I just had to mention this. Sometimes we drown ourselves with our problems believing we have reached the end of the world when there are others less fortunate out there than we are. I never liked when people would tell me there are others less fortunate than me when I would relay some issues to them but it is important to Stop and Look outside of yourself for a moment. Food for Thought.

Tuesday, August 11, 2009

the Journey to College

Part One
By Epiphany
Starring Ajay Knowles

It's that time of year again when rising Seniors travel all over the country sampling the colleges of their dreams. They take on this daunting task as if their lives depended on it; well, I suppose it does. As my cousin would say, it is her retirement plan and don't mess with it. Wink, wink! Last week, I spent a couple of days traipsing around NYC with our happy Senior and found that exploring the city was just as interesting and entertaining as exploring the colleges. I think the following montage of our adventure just proves that seeking the perfect college is not an easy task but it sure can be a fun journey.

Our expeditions always started with the Q Train from Brooklyn. Somehow it stopped off in Chinatown a few times, where there were numerous pastries to savor and a bakery on every block to facilitate.

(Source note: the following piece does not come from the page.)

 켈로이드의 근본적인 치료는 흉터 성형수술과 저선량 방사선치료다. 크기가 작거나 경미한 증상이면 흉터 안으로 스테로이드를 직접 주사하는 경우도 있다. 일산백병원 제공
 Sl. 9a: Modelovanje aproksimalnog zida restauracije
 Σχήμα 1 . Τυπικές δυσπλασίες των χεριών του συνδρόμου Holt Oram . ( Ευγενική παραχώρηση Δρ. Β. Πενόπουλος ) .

Between NYU and Columbia - Times Square beckoned. The Mayor closed parts of Broadway off from vehicles and now instead of honking horns and yellow cabs, all you see are people in lounge chairs sitting in the middle of the action.

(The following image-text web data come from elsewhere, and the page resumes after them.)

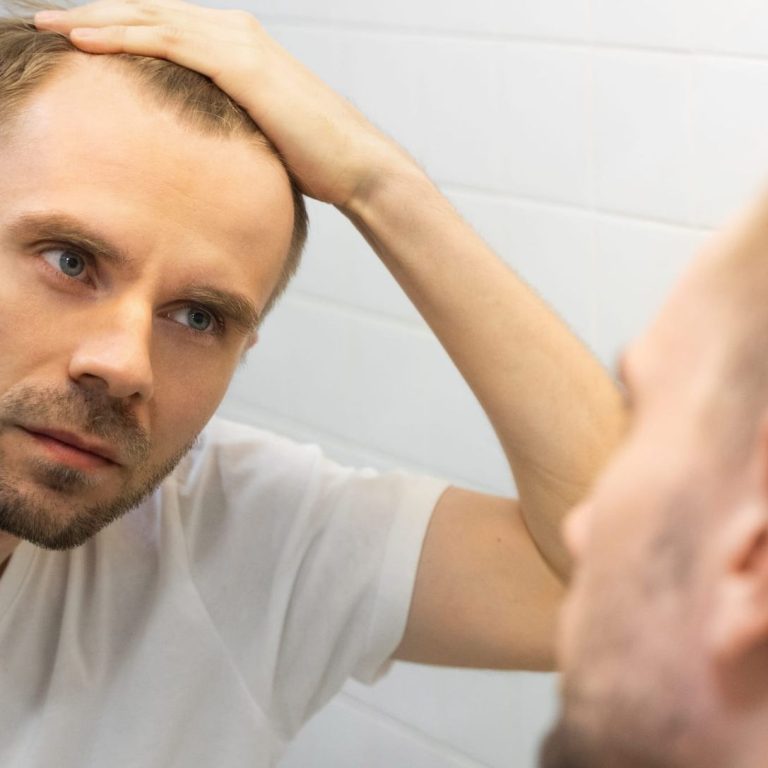 Haarverlust bei Männern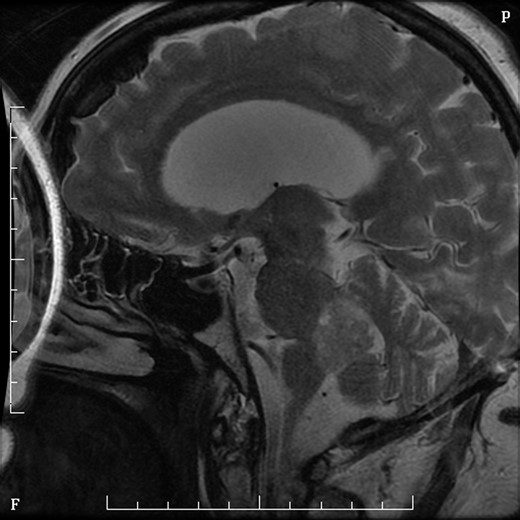 MRI sagittal T2 sequence with gadolinium showing rounded mass in fourth ventricle.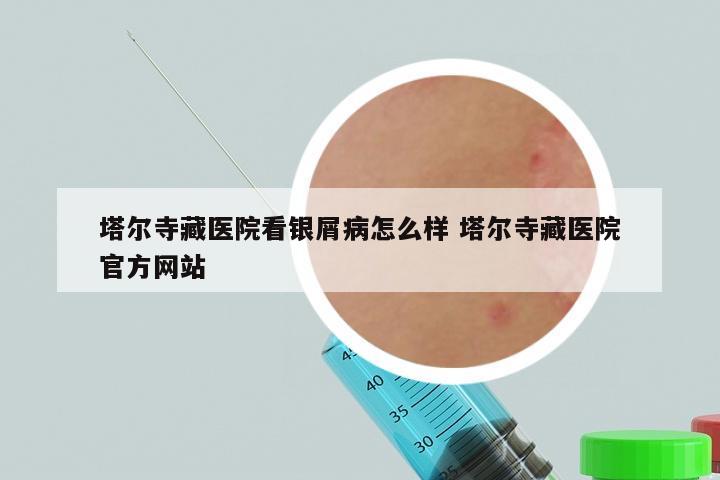 塔尔寺藏医院看银屑病怎么样 塔尔寺藏医院官方网站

Ah yes...the pedestrians linger, the lights shine bright - even during the day and the fever of NYC gets into your blood. Click, click, can never have too many pictures of the city.

Our Senior will have to make a decision soon. The world is his oyster, so which college will it be?

Well maybe he can decide later. Hot dog anyone?

Finally made it up to Columbia, the (1) train was pretty empty. As we toured the campus with Alex our fast talking Junior, it occurred to me that these bricks have seen some famous feet and our senior could become one of them.

A trip to New York would not be complete with out hitting one of their famous museums. We chose the American Museum of Natural History. We got off the train and the platform led straight into the lower level of the museum. How's that for convenience. I don't remember seeing that in the movie but every exhibit was so life-like that you felt you could walk in and become one with the landscape.

NYC is not short on people and everywhere we went there were throngs of people to get lost with. No one seem to care as they were busy doing the "own thang".

Practicing his NY lingo and hand gestures, our Senior fitted in well. Looks like he has been living here for years.

The week ended with a trip to Broadway. "Chicago" was brilliant and we sat so close to the stage, that you could see every little detail and be fully included in the show. The orchestra was powerful and I was pumped by "all that jazz". Hi Mama!!

Good times and great memories. I think our Senior might have been sold on New York, let's hope his applications are so compelling that New York will be sold on him.

Good luck to all you Seniors out there!!